Sunday, March 29, 2026

Viewing the Machine that Controls Us


 

This morning I had conscious awareness of the various chemical and genetic programming going on that were driving my system and behavior and before written off as “magic.”  It’s not magic.  It’s a very precise and manipulative science.  Everything – the visual stimulation, the way my genetics would interact with my stories, my imagination, the chemicals and my body’s reaction – it’s all a very carefully-aligned programming.  And in those moments I had awareness of all of it, and just *that much* distance from them that I could see the control board and begin to consciously operate some of the switches.

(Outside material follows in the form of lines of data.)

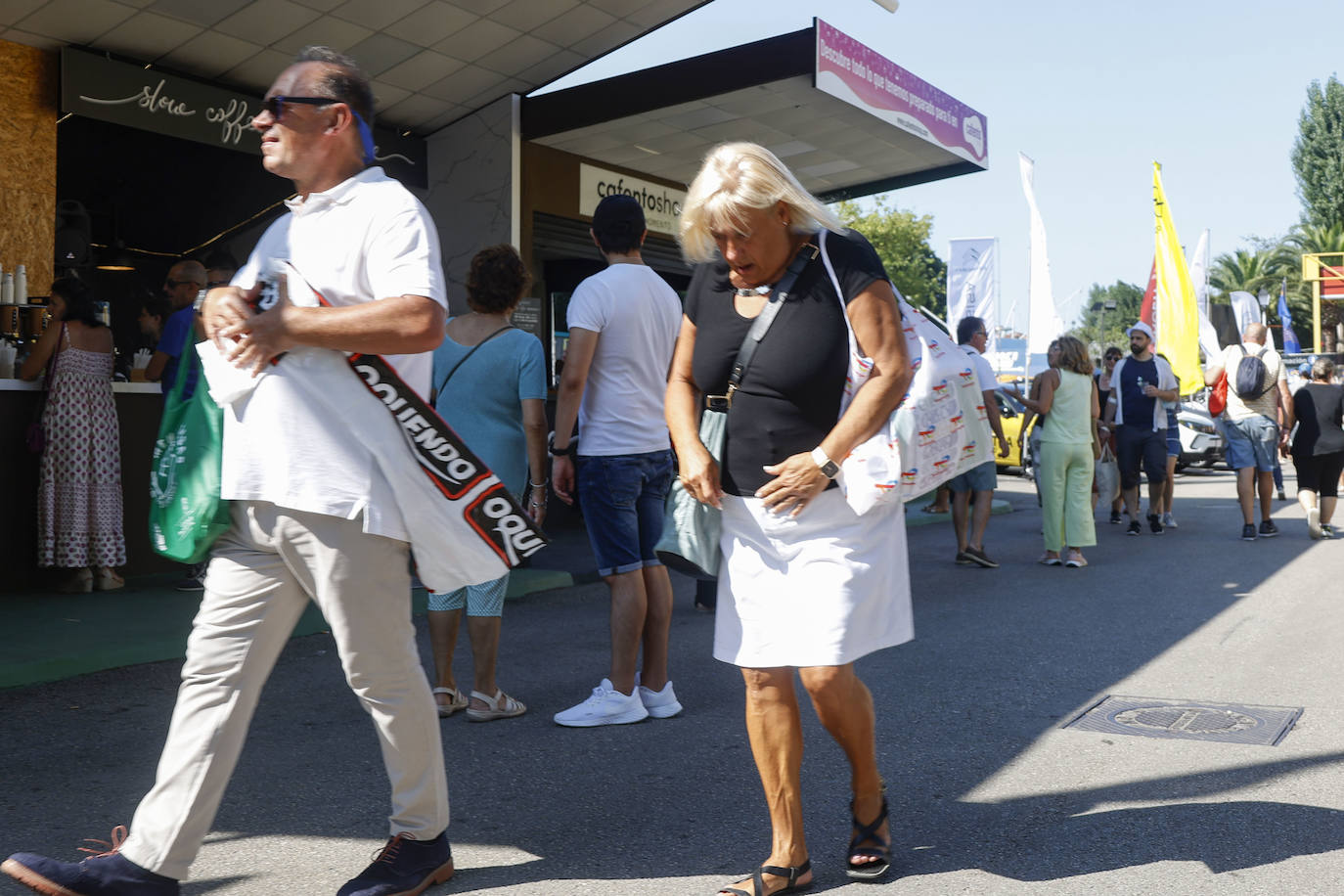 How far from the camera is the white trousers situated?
9.18ft

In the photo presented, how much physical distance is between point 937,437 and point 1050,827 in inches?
50.4

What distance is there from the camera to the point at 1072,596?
8.36 m

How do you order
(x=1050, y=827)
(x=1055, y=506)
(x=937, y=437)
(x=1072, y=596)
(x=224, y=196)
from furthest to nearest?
(x=224, y=196), (x=1055, y=506), (x=1072, y=596), (x=1050, y=827), (x=937, y=437)

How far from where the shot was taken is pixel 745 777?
4199 millimetres

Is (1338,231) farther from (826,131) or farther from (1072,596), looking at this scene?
(1072,596)

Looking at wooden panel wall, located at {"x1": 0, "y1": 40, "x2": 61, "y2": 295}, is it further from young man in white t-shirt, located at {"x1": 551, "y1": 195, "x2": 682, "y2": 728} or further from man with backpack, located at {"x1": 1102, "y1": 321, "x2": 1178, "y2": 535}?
man with backpack, located at {"x1": 1102, "y1": 321, "x2": 1178, "y2": 535}

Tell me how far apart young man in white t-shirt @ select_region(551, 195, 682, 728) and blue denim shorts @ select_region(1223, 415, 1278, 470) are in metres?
9.00

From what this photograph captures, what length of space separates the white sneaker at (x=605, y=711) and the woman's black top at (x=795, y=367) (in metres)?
1.84

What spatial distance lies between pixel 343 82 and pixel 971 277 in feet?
76.2

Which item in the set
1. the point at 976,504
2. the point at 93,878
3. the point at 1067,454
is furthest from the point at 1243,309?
the point at 93,878

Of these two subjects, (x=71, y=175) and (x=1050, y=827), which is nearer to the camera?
(x=1050, y=827)

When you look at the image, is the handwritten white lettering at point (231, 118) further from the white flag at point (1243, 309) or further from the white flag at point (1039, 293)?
the white flag at point (1243, 309)

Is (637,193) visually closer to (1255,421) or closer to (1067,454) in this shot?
(1067,454)

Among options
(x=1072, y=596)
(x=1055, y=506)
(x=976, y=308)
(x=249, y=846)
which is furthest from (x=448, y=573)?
(x=976, y=308) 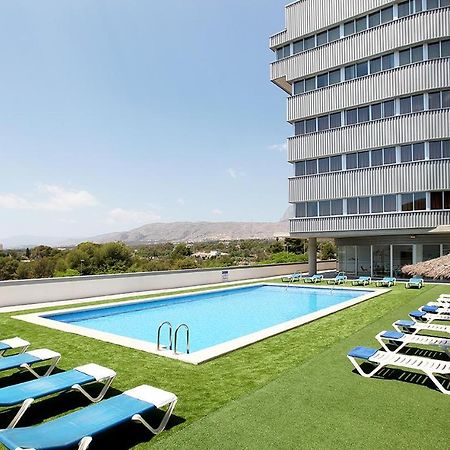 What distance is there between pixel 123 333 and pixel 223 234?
576 ft

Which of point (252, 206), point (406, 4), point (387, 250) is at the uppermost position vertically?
point (406, 4)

This is my “red pill” moment.  I can now actually see how this programming has been running everything in my life to some extent.  The false scarcity mentality is a genetic bypass to compel me to reproduce and to bring forth a legacy.  The false survival instinct programming is designed to avoid risk and stick to the known programming.  Even the artificial self-image concepts were all to force certain behaviors, even if they weren’t consciously serving me or making me happy.  This programming doesn’t give a shit about my happiness or best interest, it serves something else entirely.

And once I saw it, once I saw that I can have even the slightest actual control over that programming, that changes everything. 

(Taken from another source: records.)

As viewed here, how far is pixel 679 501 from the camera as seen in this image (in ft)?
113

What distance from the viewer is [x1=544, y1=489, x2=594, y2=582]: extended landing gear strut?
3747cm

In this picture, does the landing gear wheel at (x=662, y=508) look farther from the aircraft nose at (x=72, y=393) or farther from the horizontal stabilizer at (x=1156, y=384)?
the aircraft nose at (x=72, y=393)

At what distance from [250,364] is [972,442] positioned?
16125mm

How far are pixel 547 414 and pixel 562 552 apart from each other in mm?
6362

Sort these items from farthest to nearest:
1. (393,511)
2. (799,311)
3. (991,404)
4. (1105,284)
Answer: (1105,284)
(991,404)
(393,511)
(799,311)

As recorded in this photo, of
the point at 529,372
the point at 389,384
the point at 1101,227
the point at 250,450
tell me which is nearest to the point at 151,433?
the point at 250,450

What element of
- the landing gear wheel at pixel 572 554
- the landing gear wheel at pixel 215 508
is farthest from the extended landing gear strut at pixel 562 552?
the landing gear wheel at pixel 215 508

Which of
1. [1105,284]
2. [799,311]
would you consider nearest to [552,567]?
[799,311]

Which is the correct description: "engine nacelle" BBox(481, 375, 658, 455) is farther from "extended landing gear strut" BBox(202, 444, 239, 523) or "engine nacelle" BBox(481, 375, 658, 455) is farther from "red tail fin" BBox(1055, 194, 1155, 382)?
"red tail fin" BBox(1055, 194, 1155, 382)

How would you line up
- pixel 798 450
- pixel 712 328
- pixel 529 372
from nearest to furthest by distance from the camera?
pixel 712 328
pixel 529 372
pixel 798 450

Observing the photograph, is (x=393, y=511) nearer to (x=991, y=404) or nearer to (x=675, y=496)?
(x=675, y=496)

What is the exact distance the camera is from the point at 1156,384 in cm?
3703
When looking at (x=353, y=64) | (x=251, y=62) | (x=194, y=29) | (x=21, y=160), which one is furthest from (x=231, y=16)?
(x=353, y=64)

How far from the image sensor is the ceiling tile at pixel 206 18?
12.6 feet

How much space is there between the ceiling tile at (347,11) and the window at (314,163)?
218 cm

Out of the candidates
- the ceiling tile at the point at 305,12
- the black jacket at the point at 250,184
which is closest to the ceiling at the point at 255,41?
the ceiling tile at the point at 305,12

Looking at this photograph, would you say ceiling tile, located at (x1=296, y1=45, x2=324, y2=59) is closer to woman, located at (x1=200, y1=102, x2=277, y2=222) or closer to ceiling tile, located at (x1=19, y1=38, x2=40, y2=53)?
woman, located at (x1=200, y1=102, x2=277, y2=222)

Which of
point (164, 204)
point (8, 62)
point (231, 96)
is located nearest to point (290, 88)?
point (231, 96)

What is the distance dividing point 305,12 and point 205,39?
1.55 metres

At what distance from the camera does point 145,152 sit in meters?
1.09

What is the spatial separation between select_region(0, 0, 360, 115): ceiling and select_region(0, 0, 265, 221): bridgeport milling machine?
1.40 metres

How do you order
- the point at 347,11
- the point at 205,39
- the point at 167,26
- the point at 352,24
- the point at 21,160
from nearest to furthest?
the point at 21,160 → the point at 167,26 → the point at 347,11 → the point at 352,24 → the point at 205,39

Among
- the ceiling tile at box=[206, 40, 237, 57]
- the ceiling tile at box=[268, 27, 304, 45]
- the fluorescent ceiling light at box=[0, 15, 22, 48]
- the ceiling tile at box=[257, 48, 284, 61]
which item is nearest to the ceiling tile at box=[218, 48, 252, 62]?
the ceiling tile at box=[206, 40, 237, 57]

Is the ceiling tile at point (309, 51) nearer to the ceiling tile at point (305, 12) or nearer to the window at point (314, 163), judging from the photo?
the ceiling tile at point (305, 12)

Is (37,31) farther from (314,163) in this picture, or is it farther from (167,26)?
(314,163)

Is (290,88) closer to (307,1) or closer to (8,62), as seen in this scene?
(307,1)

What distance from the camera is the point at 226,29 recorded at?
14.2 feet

I feel nothing but empathy for my prior selves.  They acted as they were compelled to act.  I was programmed to believe in magic.  Now I know the truth, I don’t hate my old self, I feel so much more love and understanding for that old, badly manipulated self.

I don’t even hate the machine.  It was just doing its job, automatically.  Now I’m being given choice.

All the fears and worries about my job, finances, and all this other petty stuff feels so silly now, but only because I now have the key.  They can’t touch me now.  I have choice, even over my fears.  Which is good, because some fear is good and important, and that can get overwritten too, which can be deadly.  But most fear is just manipulative BS.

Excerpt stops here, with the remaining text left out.